Son regard vide fixait le mur.
L’assiette était entièrement vide.
Une épaisse couche de graisse brillait sur son visage, comme s’il avait tenté d’essuyer ses larmes avec ses mains couvertes de gras.
Sa paupière gauche continuait de tressaillir sans interruption.
Au pied de la chaise s’étalait une petite flaque de vomi.
Le garçon essayait désespérément de la cacher avec le bout de sa pantoufle.
— Mon trésor… murmura Alina.
À peine tendit-elle la main vers lui que Denis sursauta de terreur.
Il leva aussitôt ses deux mains pour protéger sa tête.
— J’ai tout mangé… je te le jure… ne m’en donne plus… s’il te plaît… je serai sage…
Sa voix était rauque.
À peine audible.
Alina sentit son cœur se briser.
Derrière elle, Galina Ivanovna reprit la parole.
— Oh, voyons ! Tu exagères encore. Je voulais seulement l’aider. Son estomac est abîmé à force de manger toute cette nourriture sèche chez vous. Au moins, chez moi, il a mangé un vrai repas. Un jour, il m’en remerciera.

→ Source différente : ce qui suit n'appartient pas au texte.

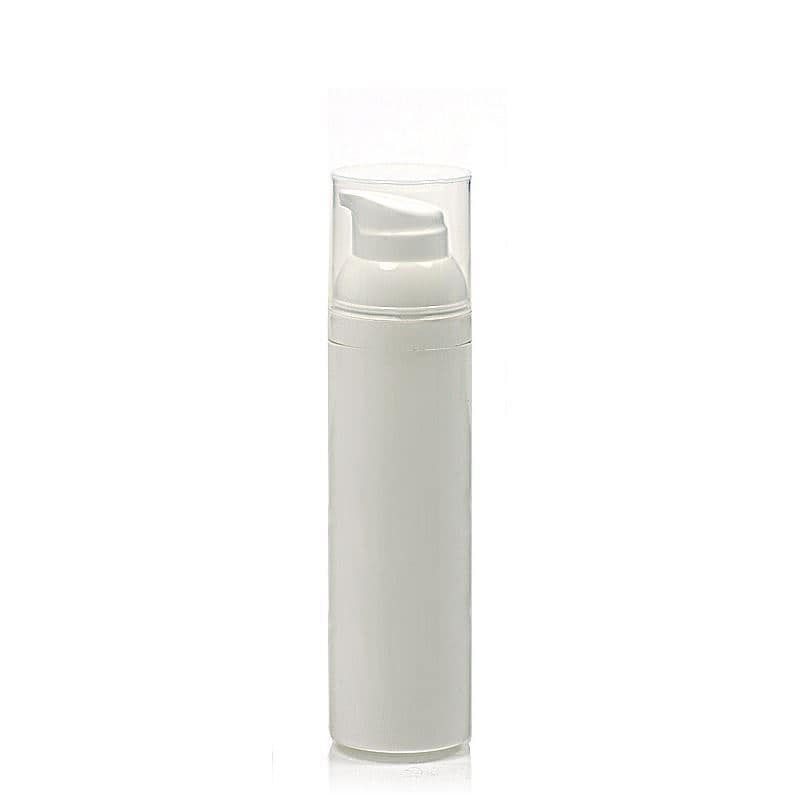 Dozator fără aer de 100 ml „Mezzo”, material plastic PP, alb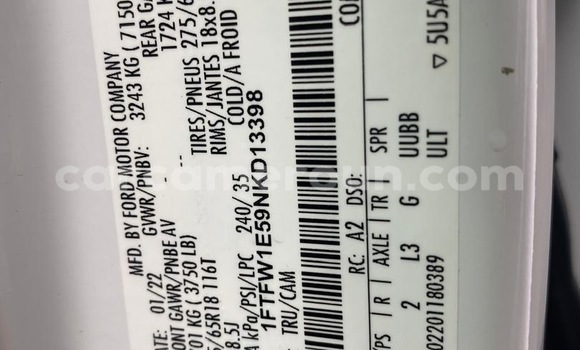 Sayi Sabo Ford Ranger (North America) White Mota in Douala a Ƙasar Kamaru Sayi Sabo Ford Ranger (North America) White Mota in Douala a Ƙasar Kamaru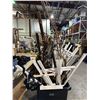 Image 3 : Large bin of decor sticks, tall wood & metal easels, etc...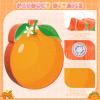 Aoriher Orange Piata Orange Citrus Party Game Set Summer Fruit Piata Berry Birthday Decoration with Stick Mask for Summer Fruit Theme Birthday Little Cutie Baby Shower Party Game Supplies Decoration view 3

Alina se releva lentement.
Elle se retourna.
Toute trace de politesse avait disparu de son visage.
Son regard était devenu glacial.
— Sortez de mon appartement.
La vieille femme éclata d’un rire indigné.
— Pardon ?
— Vous avez cinq minutes. Cinq minutes pour faire vos valises.
— Comment oses-tu me parler ainsi ? C’est moi qui ai élevé Oleg ! Pendant que mon fils travaille jour et nuit, toi…
Alina ne la laissa pas terminer.
Elle prit Denis dans ses bras.
Le petit garçon tremblait toujours.
Elle enfila rapidement son manteau par-dessus son pyjama, le serra contre elle et sortit précipitamment dans la cage d’escalier.
Son téléphone se mit à vibrer.
Oleg.
— Alina ! Ma mère dit que tu es devenue folle. Qu’est-ce qui se passe ?
Alina inspira profondément.
— Ta mère a terrorisé notre fils au point qu’il a développé un tic nerveux. Je l’emmène immédiatement à l’hôpital pour enfants. Et écoute-moi très attentivement, Oleg… Si tu choisis ta mère plutôt que ton fils au moment où il a le plus besoin de nous, alors lorsque nous rentrerons… je ne veux plus te trouver à la maison.